Report after report indicates that America is severely over-retailed — and more importantly, over-malled. America has the highest retail sales per capita in the developed world; it also possesses the highest retail gross leasable area per person. The first number is good; the second, not so much.
Can you see the problem?
The U.S. generated $11,687 in retail sales per capita in 2015. The gross leasable area (GLA) per person in 2015 was 24 square feet. That means each person generated $497 in retail sales per square foot. In the UK that number is $1,600, or almost four times as much.
As a result of this imbalance, U.S. malls are rapidly disappearing. While SPG is somewhat isolated because it primarily owns Class A malls, it too will face a tougher economic climate in the years ahead.
Of its peers, SPG has delivered the highest five-year total return to shareholders (107.3%) through the end of May. As a result, its stock sits within 2% of $226.42, an all-time high.
For me, the stars aren’t aligning despite recent outperformance. Simon Property Group is a prime candidate for stocks to sell in August.
Stocks to Sell Now – Constellation Brands, Inc. (STZ)
There’s no question that Constellation Brands, Inc.(NYSE:STZ), the brewer of Corona, Modelo Especial and Pacifico for the U.S. market, has hit its stride in recent years. Shares are up 425% since the announcement in 2013, that it was buying the U.S. rights to Grupo Modelo’s beers for $2.9 billion.
Not many stocks can match its three-year performance. You have to tip your hat to CEO Rob Sands for knowing a good opportunity when he saw it and then having the ability to follow through on that thought.
But that was then. This is now.
In its first quarter report ended May 31, 2016, STZ generated $553 million in operating income from $1.9 billion in revenue. That’s an operating margin of 29.5%. Anheuser Busch InBev SA (NYSE:BUD), the company who was forced to sell the U.S. rights to Constellation in order to buy the 50% of Grupo Modelo it didn’t already own, had a similar operating margin in its first quarter ended March 31.
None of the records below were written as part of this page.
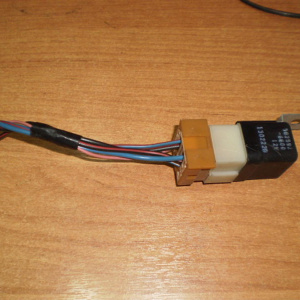 Реле Mazda Bongo SK 582592-6600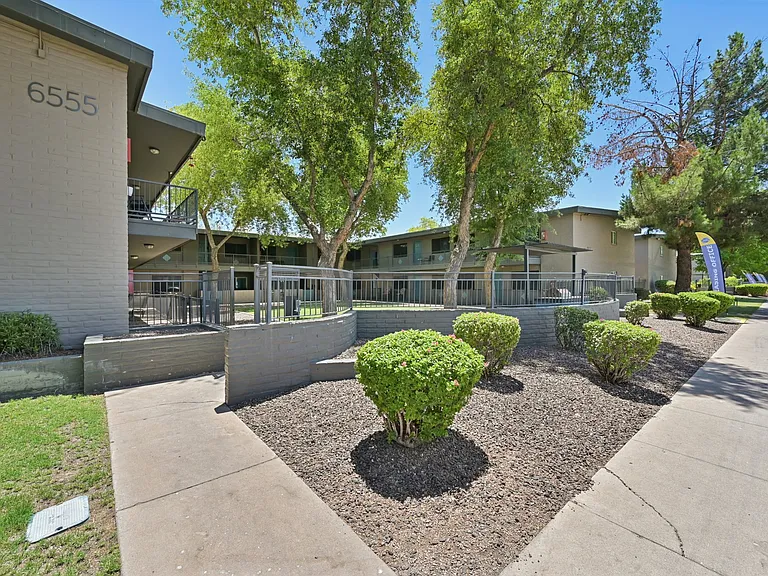Cornell Apartments — Photo 6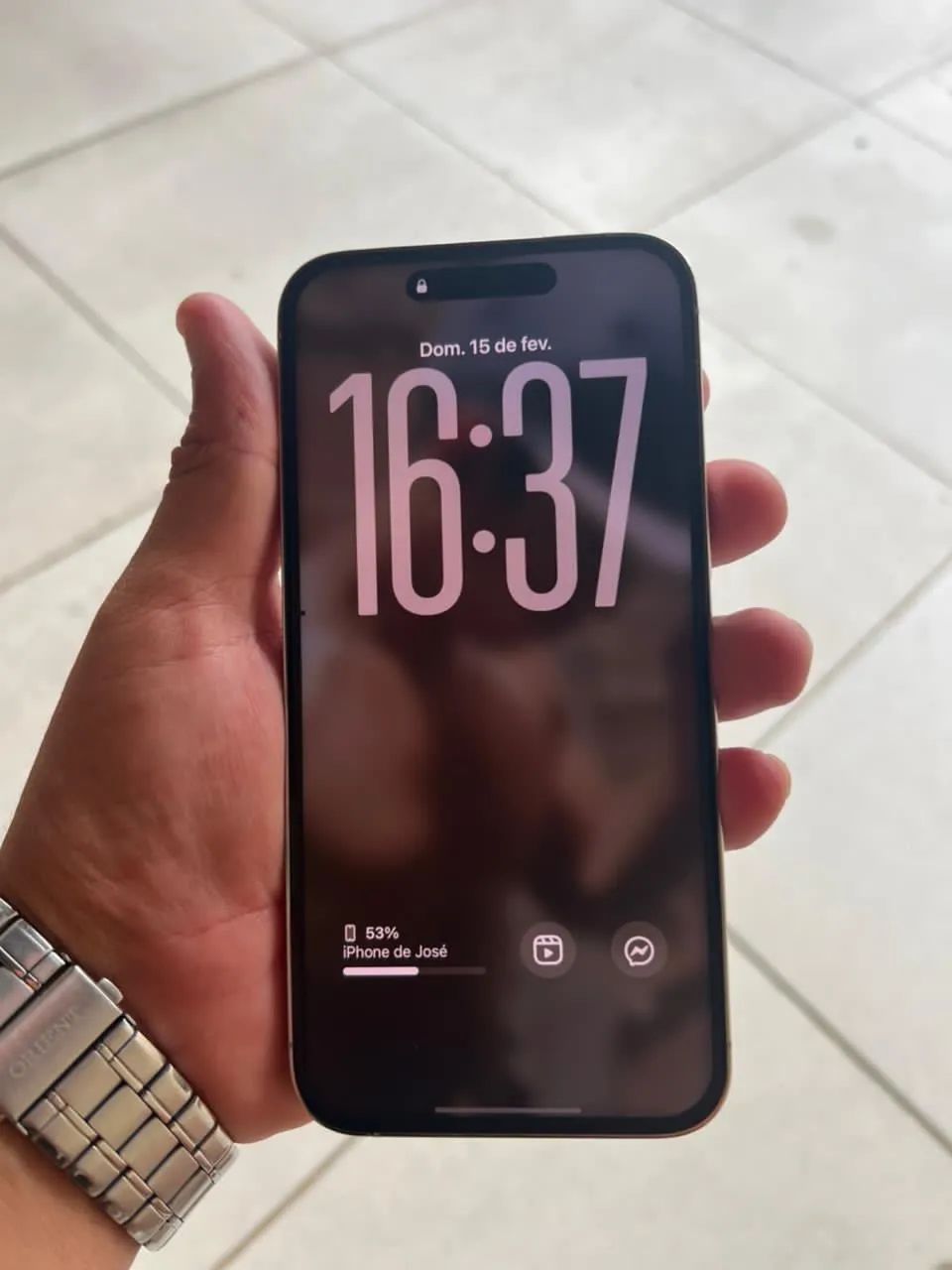 Vendo um iPhone 14 Pro Max 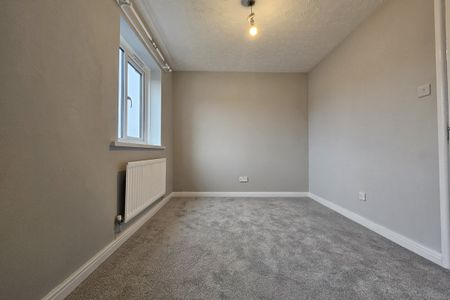 Throstles Close - Photo 5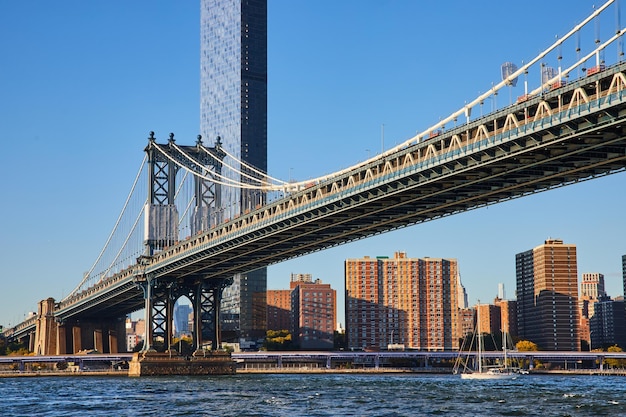 New York City famosa Manhattan Bridge do Brooklyn olhando para a cidade com navio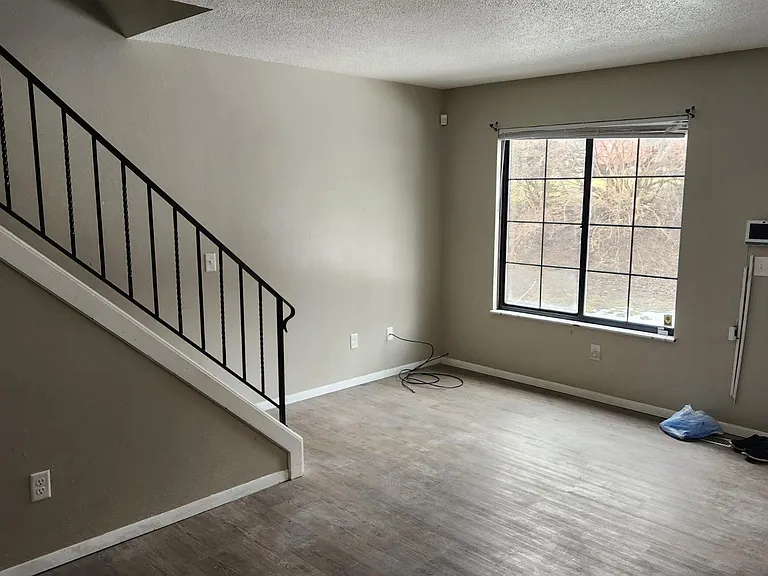 4515 W Bancroft St #9-10 — Photo 6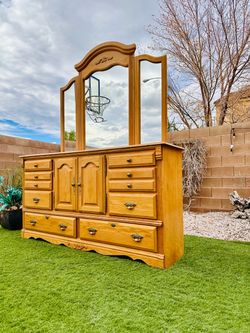 18D 72W 38H BEAUTIFUL OAK TREEE FURNITURE DRESSER & MIRROR ( FREE DELIVERY, 🚚 FIRST FLOOR ) GREAT CONDITION 👌🏻 DRAWERS WORK REALLY NICE 🥰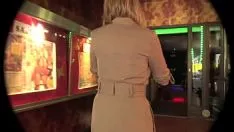 Reproduzir Um cinema pornô para exibição do homem santo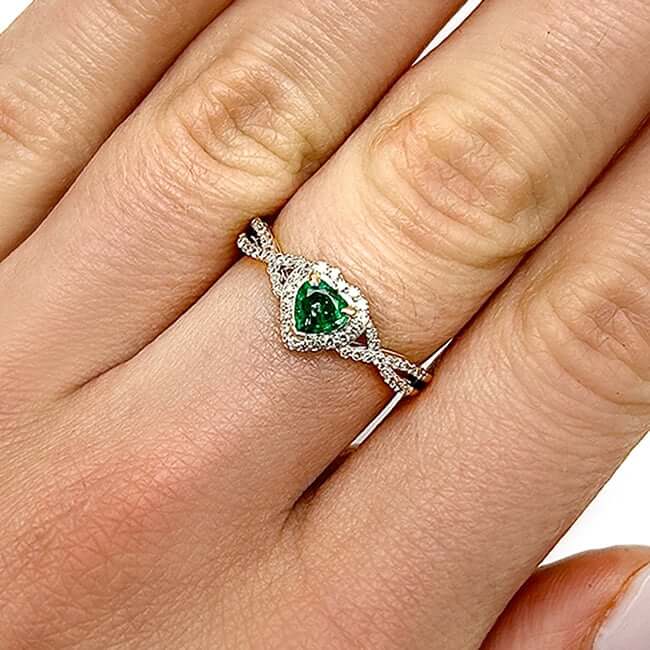 0.98CTW Real Diamond & Emerald 10K Gold Yellow Halo Heart Engagement Ring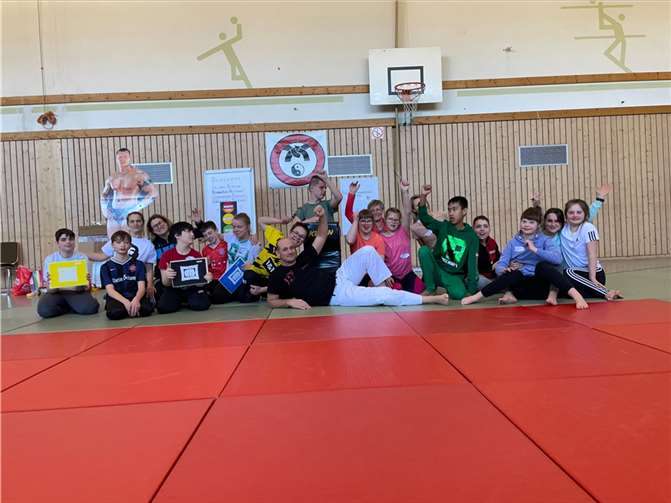 Die Schüler der Genoveva-Schule Mayen besuchten den Ju-Jutsu Verein in Rieden.  Foto: privat
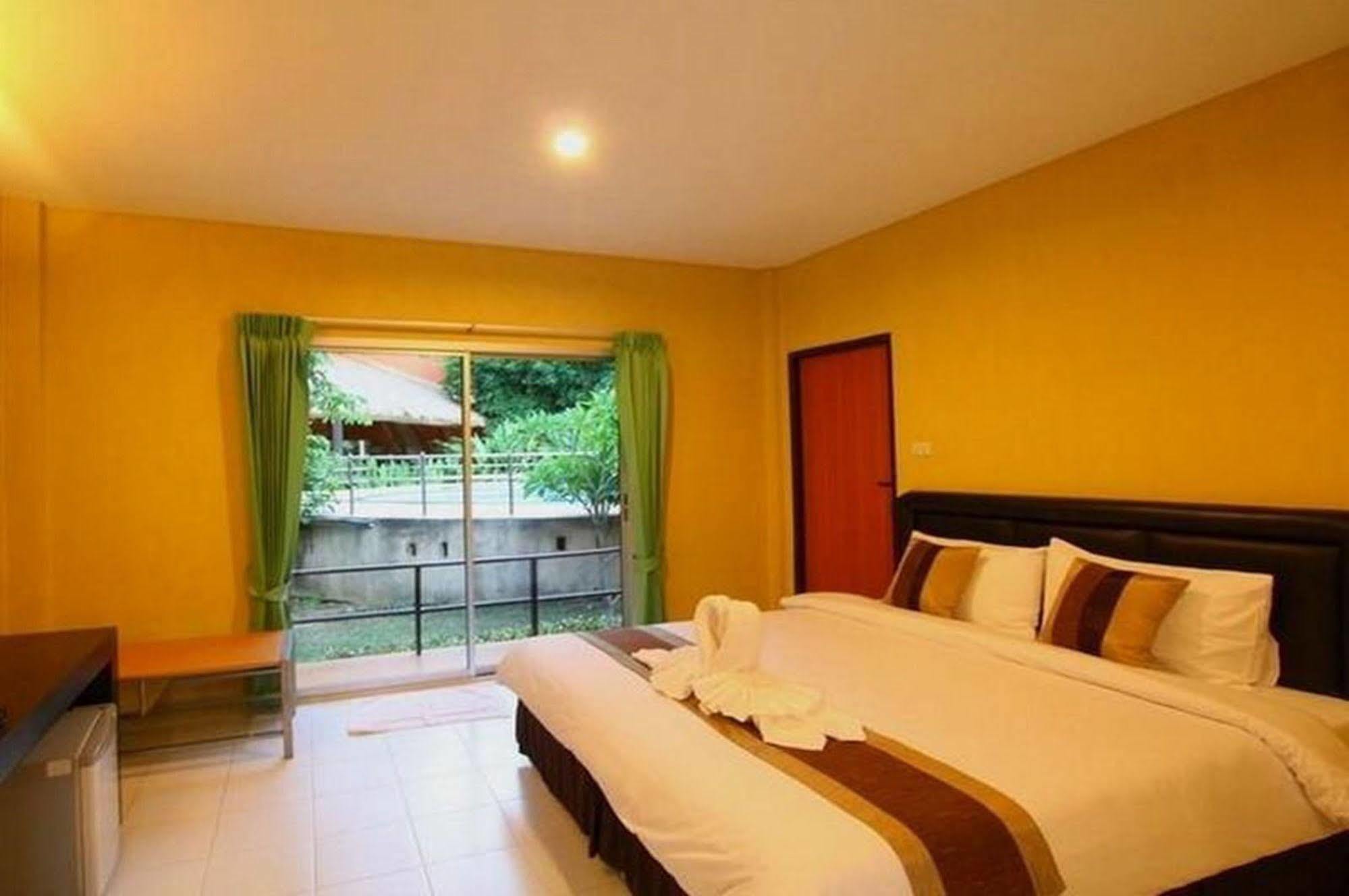 Aurora Resort Kanchanaburi Esterno foto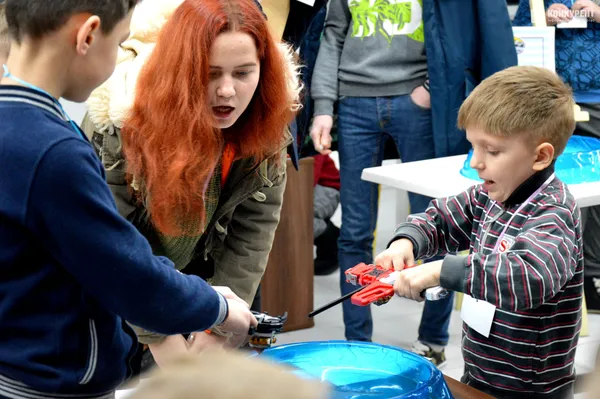 Із призами та подарунками: у «Промені» відбувся дитячий турнір Beyblade (фото)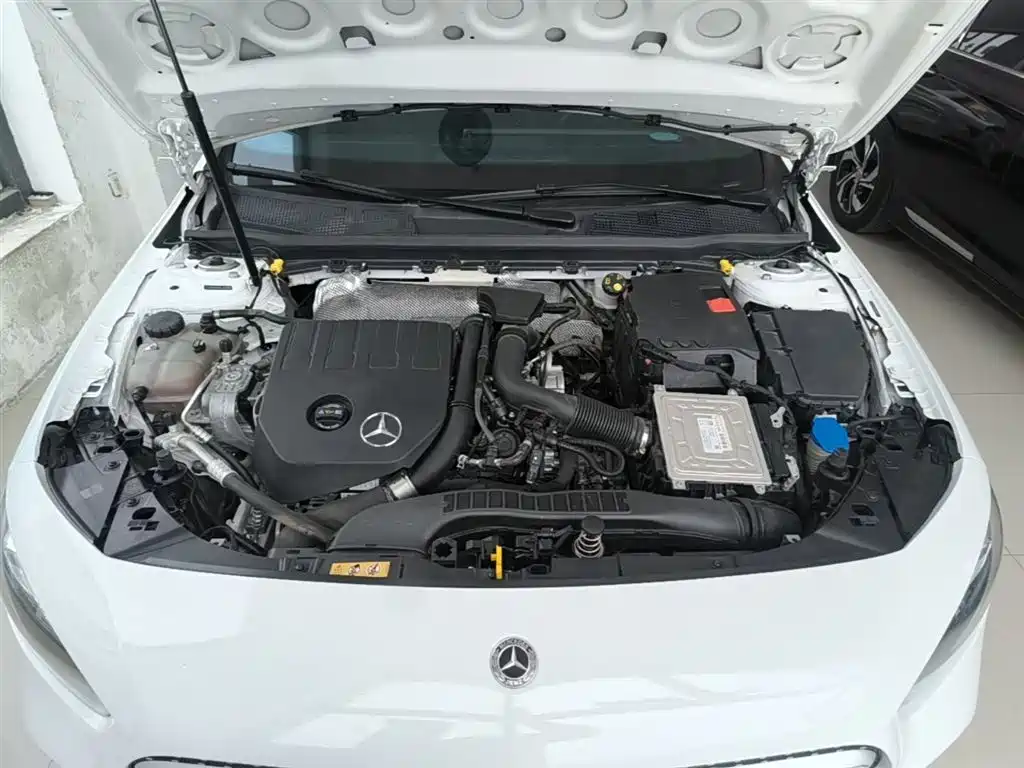 Mercedes-Benz A-Class 2023 — фото 20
By most valuation metrics the two stocks are almost identical. I could just as easily suggest that investors sell BUD stock instead.
However, when you consider that STZ stock is up 16.6% year-to-date through July 26 on top of annual returns of 46%, 39%, 99%, and 71% respectively between 2012 and 2015, I can’t help but come to the conclusion that STZ’s marvelous ride is soon going to come to an end.
Maybe not tomorrow — but soon. That means this is a prime candidate if you’re looking for stocks to sell in August.
Stocks to Sell Now – Ulta Salon Inc. (ULTA)
Ulta Salon, Cosmetics & Fragrance, Inc. (NASDAQ:ULTA) has to be the toughest of my three recommendations. Just two months ago, I included ULTA in a group of three stocks I believed would do well despite the fact it doesn’t pay dividends. Since then it’s up 21% and trading within 2% of its all-time high of $261.42.
Heck, like STZ, it’s done really well in recent years generating an annualized total return of 32% over the past five years.
But now it’s time to head to the sidelines until the next correction cheapens considerably the price you must pay for owning one of the more interesting business models in retail.
ULTA currently has a P/E ratio of 48, 26% higher than its five-year average. At its current PEG ratio of 2.2, it will take you almost 12 years to recoup the $250 per share price you’ll pay today for a dollar’s worth of earnings. That’s a big price to pay for excellence, even when it’s well deserved as is the case with ULTA.
Look, I don’t believe that ULTA’s stock price is about to fall through the floor. Its business is intact and growing.
However, when the markets correct the first stocks to get hit will be momentum plays such as Ulta. At current prices, a 20% correction would put its stock just below $200 — a great entry point.
Is a 20% correction in the cards? ULTA’s history suggests not. But one is surely coming. The numbers don’t lie.
As of this writing, Will Ashworth did not hold a position in any of the aforementioned securities.